Probability Theory Only....No Combinatorics Please

[knight247]

4 dices are thrown at the same time. What is the probability of getting ONLY 2 dice showing the same face?

Total number of possible outcomes is 6^4= 1296

We could have Same Same Different1 Different2 which can be arranged in 4!/2!=12 Ways

For the first dice---> 6 Outcomes
For the second dice--> 1 Outcome
For the third dice---> 5 Outcomes
For the fourth dice--> 4 Outcomes

Desired outcomes=6*1*5*4*12= 1440

The desired outcomes are greater than that the possible outcomes.

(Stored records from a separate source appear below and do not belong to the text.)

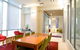 City Limits Hotel Apartments - thumb 3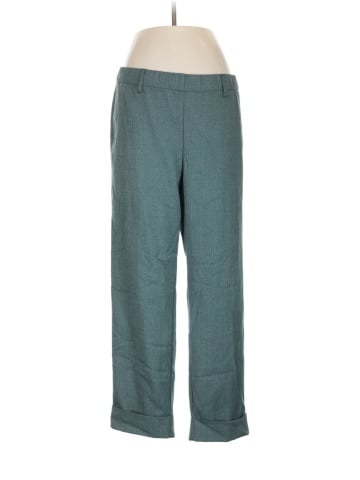 J.Jill Casual Pants (view 1)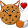 CookieFox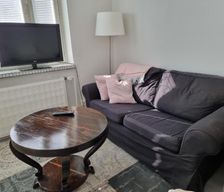 Finland Western Finland Pori vacation rental compare prices direct by owner 32663837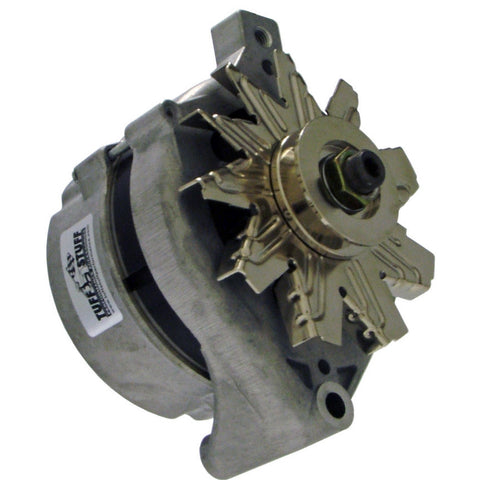 TFS7078.jpg
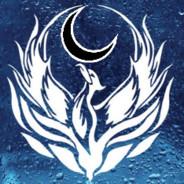 Moon Phoenix45's Stream profile image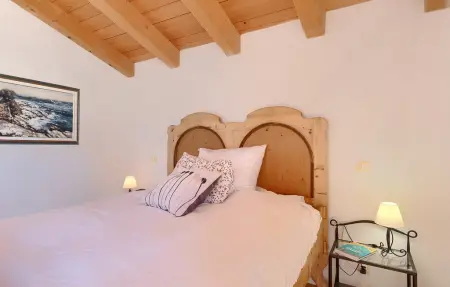 Villa Lavanda Savicenta, Maison 10 personnes à Labin   Rabac - Photo 52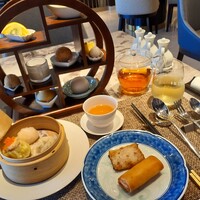 中国料理 花梨 - 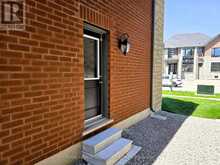 16 GIANVITO CRESCENT | King Ontario | Slide Image Thirty-four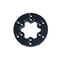 Heusinkveld Steering Wheel Adapter
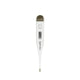 Microlife Digital Thermometer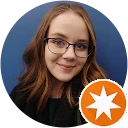 Autor hodnotenia Natália Štefániková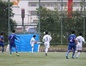 試合シーン15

Why is the extra *2 coming? What am I doing wrong? No combinatorics please, as I'm able to solve this using combinatorics. Thanks.

[shankar.ashwin]

Hi, I think you have considered order twice here.
The 6*1*5*4 part is correct and already includes ordering.

And from here any 2 could repeat, so we have 4C2, which is 6.

So 6*6*1*5*4

[GmatMathPro]

Agreed. It's the same as the mistake you were making on the MATHEMATICS question.

6*1*5*4=120 will count cases like

2265 AND 2256. But when you multiply by 12 to get the different arrangements, you're essentially saying, "2265 can be arranged 12 different ways, and 2256 can be arranged 12 different ways" But these are identical groups. We don't want to count them twice. This will happen with every unique sequence, hence your answer is two times too big.

Another way: represent the out come with 4 blanks: _ _ _ _ . We have to choose two slots to put the matching dice in. 4 choices for the first, 3 choices for the second: 4*3=12. Divide by 2 to eliminate duplicates: 12/2=6.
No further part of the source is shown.